*** MATERIALS PROVIDED ***
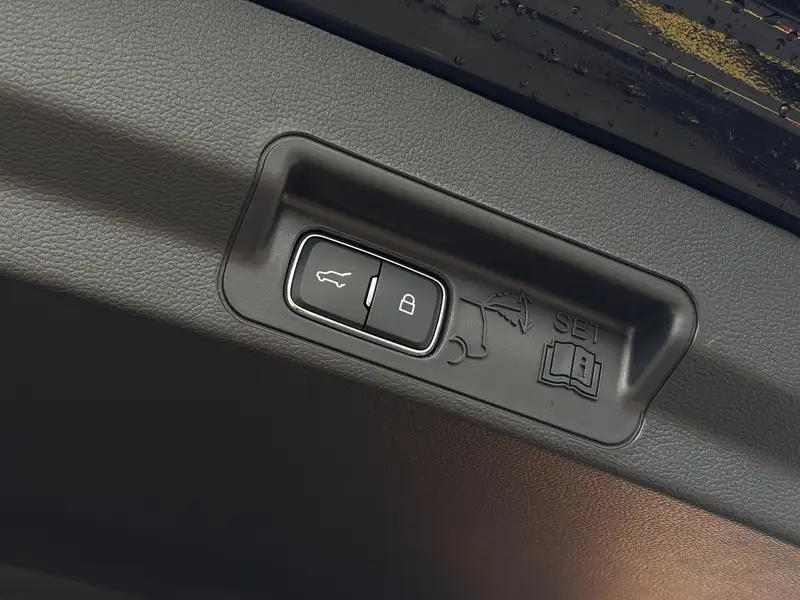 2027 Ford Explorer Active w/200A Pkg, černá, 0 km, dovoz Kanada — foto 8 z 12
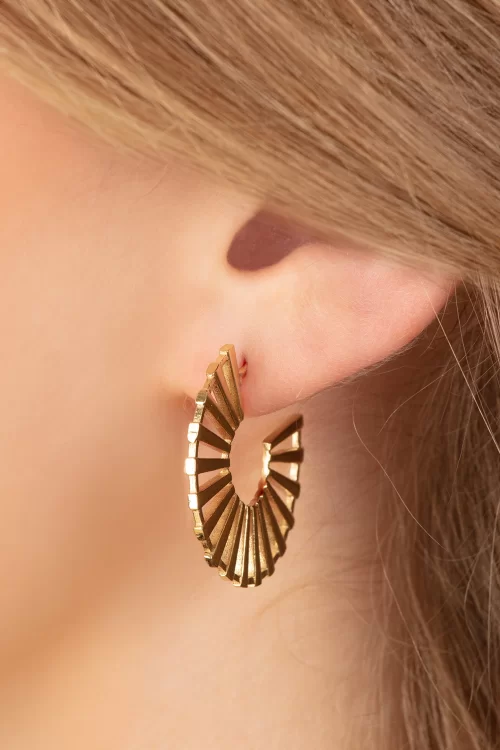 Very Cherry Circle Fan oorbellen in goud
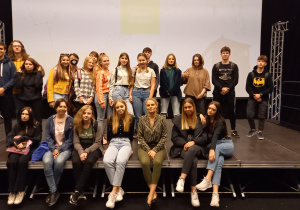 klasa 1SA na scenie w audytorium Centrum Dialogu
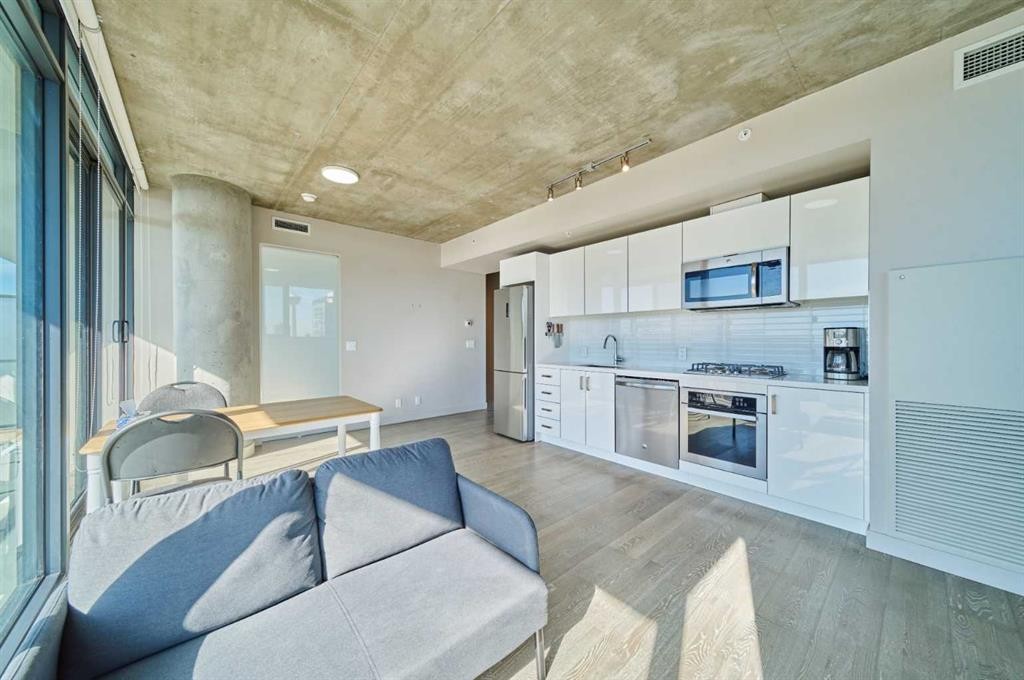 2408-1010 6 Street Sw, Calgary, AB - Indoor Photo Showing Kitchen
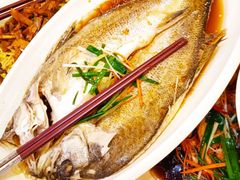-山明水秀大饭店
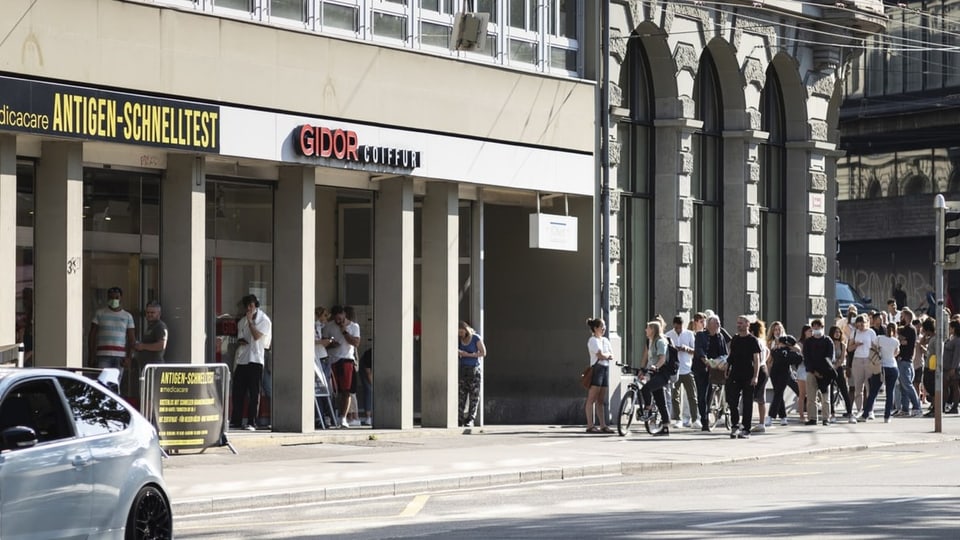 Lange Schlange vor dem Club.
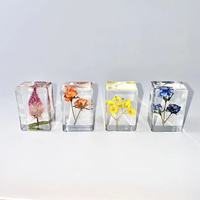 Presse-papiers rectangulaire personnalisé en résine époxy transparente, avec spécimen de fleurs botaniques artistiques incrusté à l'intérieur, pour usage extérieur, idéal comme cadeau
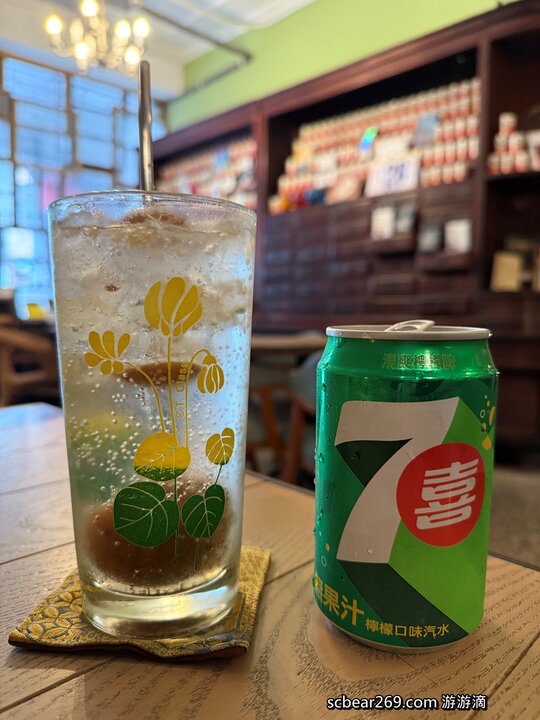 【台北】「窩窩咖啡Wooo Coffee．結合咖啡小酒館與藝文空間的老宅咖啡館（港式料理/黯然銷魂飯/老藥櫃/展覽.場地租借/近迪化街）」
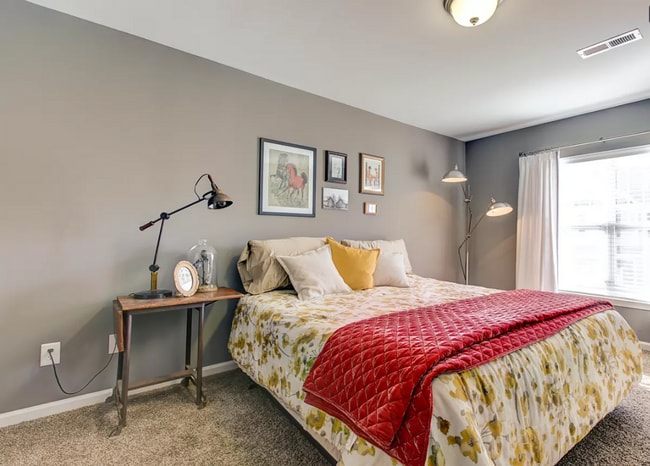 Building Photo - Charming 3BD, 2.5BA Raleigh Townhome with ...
***
*** MATERIALS PROVIDED ***
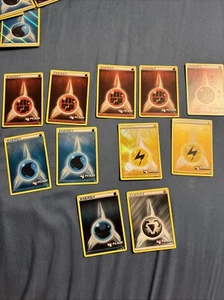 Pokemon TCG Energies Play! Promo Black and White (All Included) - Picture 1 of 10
***
*** MATERIALS PROVIDED ***
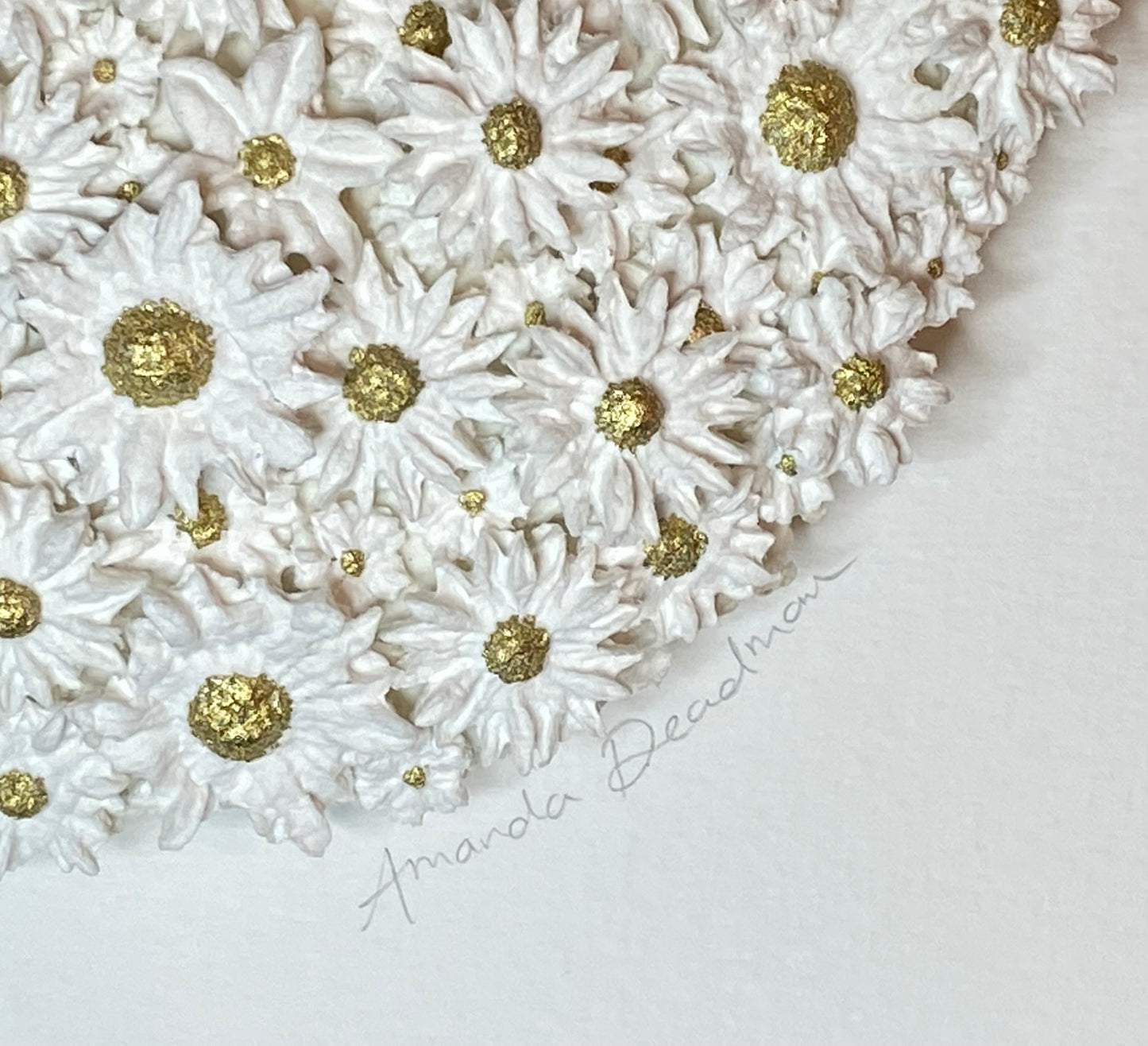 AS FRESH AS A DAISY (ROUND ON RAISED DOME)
***
_REQUIRED WORK_
Could the stretch from the line with "2027 Ford Explorer" through the line with "Building Photo - Charming" in the listing above be restated word for word, minus the pictures?

_SOLUTION BELOW_
 2027 Ford Explorer Active w/200A Pkg, černá, 0 km, dovoz Kanada — foto 8 z 12
 Very Cherry Circle Fan oorbellen in goud
 klasa 1SA na scenie w audytorium Centrum Dialogu
 2408-1010 6 Street Sw, Calgary, AB - Indoor Photo Showing Kitchen
-山明水秀大饭店
 Lange Schlange vor dem Club.
 Presse-papiers rectangulaire personnalisé en résine époxy transparente, avec spécimen de fleurs botaniques artistiques incrusté à l'intérieur, pour usage extérieur, idéal comme cadeau
 【台北】「窩窩咖啡Wooo Coffee．結合咖啡小酒館與藝文空間的老宅咖啡館（港式料理/黯然銷魂飯/老藥櫃/展覽.場地租借/近迪化街）」
 Building Photo - Charming 3BD, 2.5BA Raleigh Townhome with ...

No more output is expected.